Unsurprisingly, the 10,000 Hour Rule has been gleefully misinterpreted by the mediocre among us. It’s now taken to mean that anyone who practises anything for long enough – in fact, for at least 10,000 hours – will become very, very good at it, and it explains why teenage boys are, on average, experts at masturbating.
Deliberate practice
But “deliberate practice” is a key term in this context. It means not just mindless repetition; it’s the kind of practice that deliberately and regularly pushes the practitioner to the limits of his or her abilities, thus inexorably expanding those abilities (that’s where the teenage boy example collapses).

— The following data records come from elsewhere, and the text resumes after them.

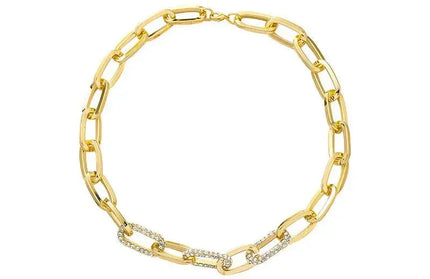 New metal thick chain necklace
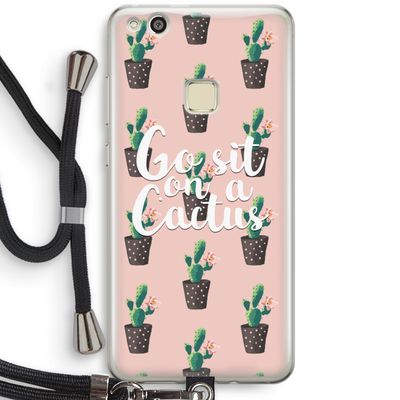 Cactus quote: Huawei Ascend P10 Lite Transparant Hoesje met koord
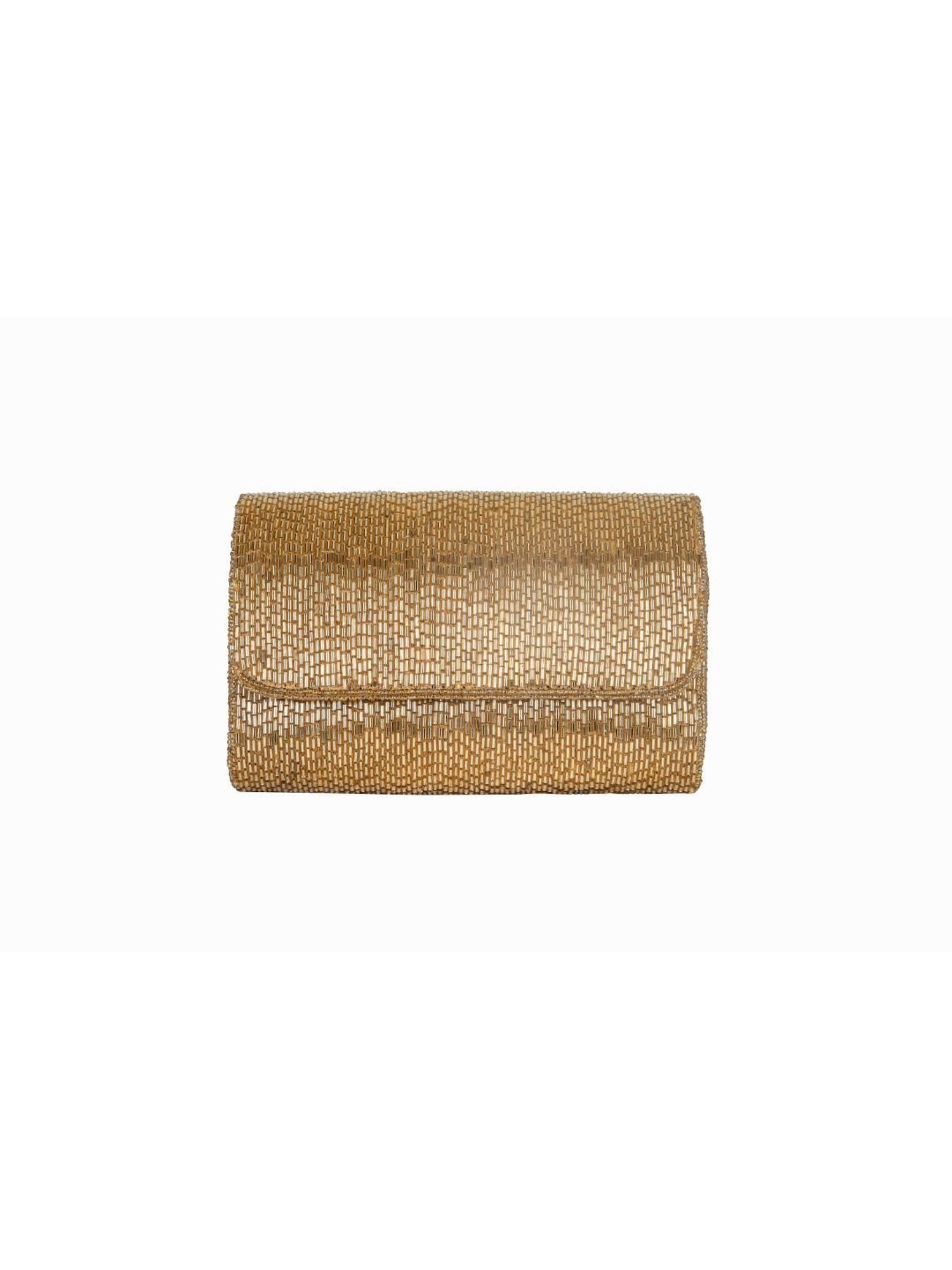 Tarini Nirula Golden Embellished Clutch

But I recently, and perhaps belatedly, came across a 2014 Princeton University study that made me think again. Called Deliberate Practice and Performance in Music, Games, Sports, Education, and Professions – A Meta-Analysis, it analyses the impact of deliberate practice across a range of different domains.
And its authors conclude, roughly, that deliberate practice explains about 26 per cent of the variance in performance for games, 21 per cent for music, 18 per cent for sports, 4 per cent for education, and less than 1 per cent for professions.
The authors conclude that deliberate practice is “important, but not as important as has been argued”. Or at least, it’s not as important as might be thought in all areas. In a profession, for example, it apparently counts for very little and is “not statistically significant”, the authors say.
Slightly unobtainable?
It occurs to me that it’s also slightly unobtainable in a professional context – in financial planning, anyway. After you’ve done your university degree and your Certified Financial Planner studies, which will take between five and six years, very roughly, you reach a certain level of expertise. Development from that point comes not through the work you do every day but more so through continuing professional development (CPD).
And at the minimum rate of CPD prescribed by the FPA – that is, 120 hours over a three-year period – it would take about 250 years to rack up 10,000 hours.
And it would also mean sitting through 250 FPA congresses.